A Heartfelt Take on a Modern Classic: “The Light in the Piazza”

The cast of The Light in the Piazza; directed by Loretta Greco; photo by Julieta Cervantes.

Presented by The Huntington
Book by Craig Lucas
Music and lyrics by Adam Guettel
Based on the novel by Elizabeth Spencer
Directed by Loretta Greco
Music direction by Andrea Grody
Scenic design by Andrew Boyce
Lighting design by Christopher Akerlind
Costume design by Alex Jaeger
Featuring Emily Skinner, Sarah-Anne Martinez, Joshua Grosso, William Michals,
Rebecca Pitcher, Alexander Ross, Rebekah Rae Robles

May 9 – June 15, 2025
The Huntington Theatre
264 Huntington Ave. Boston, MA 02115

Review by Maegan Bergeron-Clearwood

BOSTON – When The Light in the Piazza premiered on Broadway two decades ago, it was lauded as a quaint but refreshing return to style, and Adam Guettel’s delicate, almost operatic score became an instant classic. Compared to contemporary 2000s box-office smashes like Spamalot and Avenue Q, this intimate love story favors pathos over spectacle, sincerity over irony – on the surface, it’s as old school as a 21st Century musical can get.

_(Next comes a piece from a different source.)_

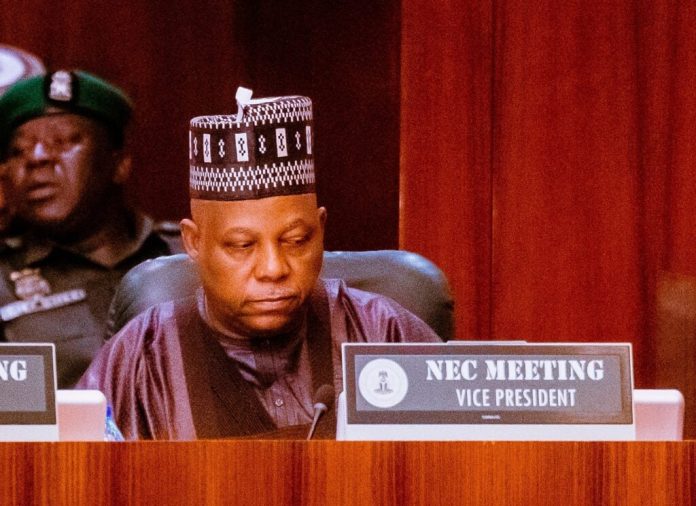 Vice-President Kashim Shettima presiding over a NEC meeting Vice-President Kashim Shettima presiding over a NEC meeting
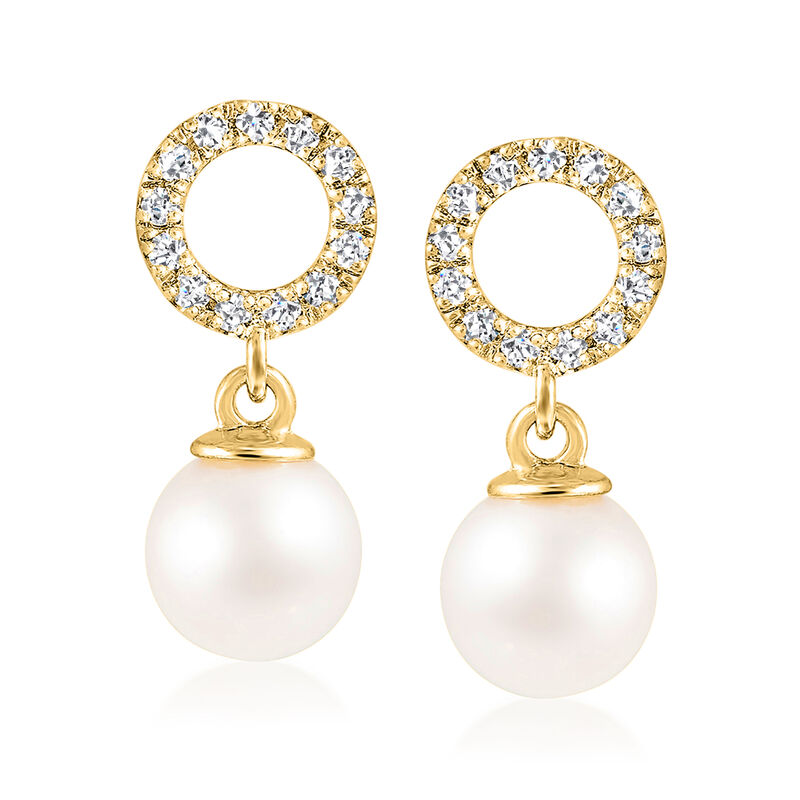 6.5-7mm Cultured Akoya Pearl and .20 ct. t.w. Diamond Circle Drop Earrings in 14kt Yellow Gold image number 0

Classic as it may look and sound, however, The Light in the Piazza is a weird little musical. It examines the idea of love through a myriad of refractions: passion, to be sure, but also power, possessiveness, and loss. It frequently shatters the fourth wall and its own idyllic veneer. At times, it is disarmingly funny; at others, profoundly sad.

These oddities are highlighted in The Huntington Theatre’s fresh interpretation, directed by Loretta Greco. The production is utterly sincere, soaring with the story’s emotional heights and relishing in all the sensory bounties that the 1950s Florentine setting has to offer. Less successfully, but still to its credit, the production isn’t afraid to sink into the musical’s more nuanced, unsettling moments, resulting in an experience that feels grounded, even in its flights of fancy.

The titular light of the story comes from the star-crossed young lovers: Fabrizio, a Florence native, brand new to love (Joshua Grosso); and Clara, a bright young woman from the American south (Sarah-Anne Martinez), whose naivety is later revealed to be the result of either a developmental disability or her mother’s overprotectiveness (most likely a combination of both). Martinez and Grosso’s performances are uncomplicated but viscerally earnest, making their characters’ emotional compatibility clear from the start. Grosso delivers a particularly arresting number entirely in Italian, so expressive with his intonations and physicality that translation would be redundant.

Greco is tuned in to the lighthearted side of Craig Lucas’ book, sprinkling a generous number of gags and winks to the audience throughout. At best, this humor illuminates the absurdity of arbitrary social norms; at worst, it leans on gender and cultural stereotypes, most frequently with Fabrizio’s brother and sister-in-law (Alexander Ross and Rebekah Rae Robles), and sometimes stops a scene’s dramatic energy in its tracks.

Luckily, these dramatic moments are helmed by Emily Skinner as Clara’s mother, Margaret, whose fears and romantic disillusionments comprise the play’s central tension. Her excavation of Margaret’s psychological journey brings much-needed restraint to the production’s emotional landscape, which otherwise shines brightest during characters’ external-facing outbursts of desire or despair.

The musical’s portrayal of disability teeters on stereotype: Clara’s childlike positivity is explained by her developmental disability, but it’s also a tired trope, and her journey is ultimately more of a catalyst for her mother’s growth than her own. This is more a problem with the text than anything, but I wonder if these themes would feel weightier if the production were more tonally balanced.

Another star of this production, fittingly, is Christopher Akerlind’s lighting, complemented by Andrew Boyce’s scenic design. The visual design strips Florence’s shops, museums, and landscapes down to their foundational shapes and lines, using splashes of color, light, and movement to gesture toward shifts in tone and atmosphere. Much of the visual appeal comes from what isn’t seen: a shaft of golden light beckons from just offstage, or someone motions to an architectural relic just out of reach.

Altogether, this production is not unlike the paintings that Margaret admires so deeply – a feat of beauty captured inside a proscenium arch rather than a picture frame. The Light in the Piazza is a little strange, and The Huntington’s production a tad uneven, but all-in-all, it’s as moving as the city that inspired it.